RuntimeError in torch.quantization.convert after QAT on GPU

Hello! I’ve faced with runtime error when after QAT on GPU I try to convert my model:

...
backbone = get_model().cuda()
# QAT - step 1 - fuse layers for numerical stability
torch.quantization.fuse_modules(backbone, modules_to_fuse=[["conv1", "bn1"],
                                                           ["fc5", "bn5"]],
                                inplace=True)
# QAT - step 2 - add quantization observers into network
backbone = QuantizationWrapper(model_fp32=backbone)
# QAT - step 3 - select quantization config
quantization_config = torch.quantization.get_default_qat_qconfig("qnnpack") 
backbone.qconfig = quantization_config
# QAT - step 4 - prepare model to QAT
torch.quantization.prepare_qat(backbone, inplace=True)
backbone.train()

...  # here is my training cycle and it works well according to metric probes

# So, after training, I try to convert to quantized state 
quantized_backbone = deepcopy(backbone).eval().cpu()  # nor .cpu() nor .cuda() works
torch.quantization.convert(quantized_backbone, inplace=True)  # Error
...

Error:

RuntimeError: Expected all tensors to be on the same device, but found at least two devices, cuda:0 and cpu! (when checking argument for argument observer_on in method wrapper_CUDA___fused_moving_avg_obs_fq_helper)

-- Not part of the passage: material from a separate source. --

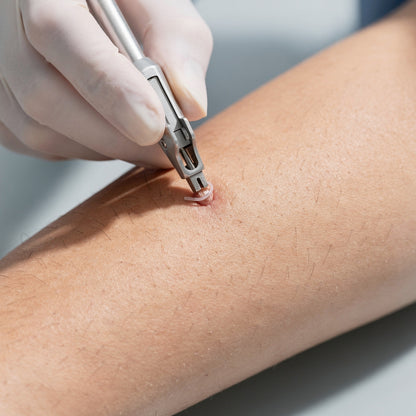 Aplicación del sistema de ligadura médica ÁUREA DermiFix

If I move backbone to cpu in the beginning of the script, error disappears, but training slows down dramatically :frowning: So I want to preserve training on GPU and only then convert. Please, help me :pleading_face:

python 3.10.12, torch 2.1.1+cu121, ubuntu 22.04

I have performed some tests in different versions of torch and have found that:


  • 2.0.0: :white_check_mark:

  • 2.1.1: :x:

  • 2.2.0: :x:


Legend:

:white_check_mark: - no errors

:x: - RuntimeError

how did you get the initial model? is this a exported model (model after torch.export)? can you print the quantized_backbone before convert?